Wednesday, 13 October 2010

Fortean Times UnConvention 2010

The line-up for this years Fortean Times UnConvention has been confirmed. This semi-regular gathering of Fortean Times readers and friends is taking place Saturday 23rd and Sunday 24th October at University of Westminster - 35 Marylebone Road, London NW1 5LS‎. Tickets are £50 / £30 for day tickets.


Sweet, fluffy little bobtails? Not a bit of it! See the hidden side of rabbits and hares as folklore, art and popular culture reveal some surprising beliefs. From Mary Toft (who gave birth to quite a few) to the Venerable Bede, Boudicca, James Stewart and the Easter Bunny, this talk explores humanity’s weird relationship with the Lagomorph.
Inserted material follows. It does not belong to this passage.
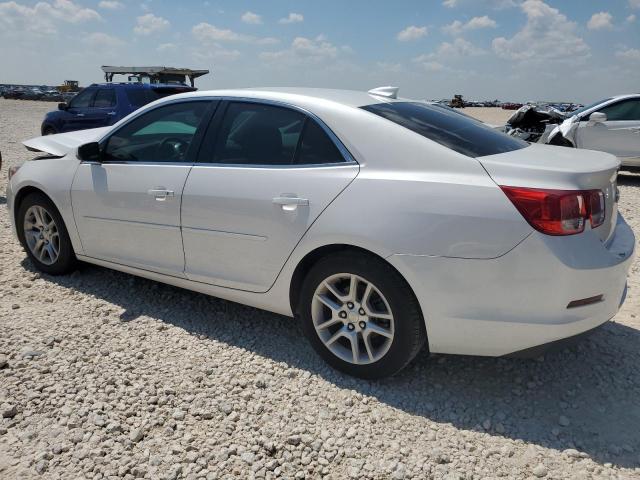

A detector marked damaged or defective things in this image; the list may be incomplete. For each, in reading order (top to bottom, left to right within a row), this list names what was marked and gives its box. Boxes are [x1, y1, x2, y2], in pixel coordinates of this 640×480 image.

damaged vehicle [502, 103, 568, 142]
damaged vehicle [544, 94, 640, 171]
wrecked car [544, 94, 640, 171]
Fertility, witchcraft, divination, pagan symbolism, a non-existent goddess and the world’s largest knitted art-work, not to mention the mysterious Vampire Rabbit of Newcastle, an inexplicable sculpture that has spawned its own mythology; down the rabbit-hole, it’s stranger than you think.

Dr Gail-Nina Anderson is an elderly Goth who has spent a lifetime nurturing her natural streak of morbidity. Trained as an art historian, she works in Newcastle as a freelance arts journalist and lecturer, specialising in the imagery and folklore of vampires. She lectures academically on Pre-Raphaelite art, and is currently organizing an exhibition for Japan. She has had several short stories published plus the occasional exhibition catalogue. A contributor to FT, assorted UnConventions and Weird Weekends, her worldly delights are mourning jewellery and red wine.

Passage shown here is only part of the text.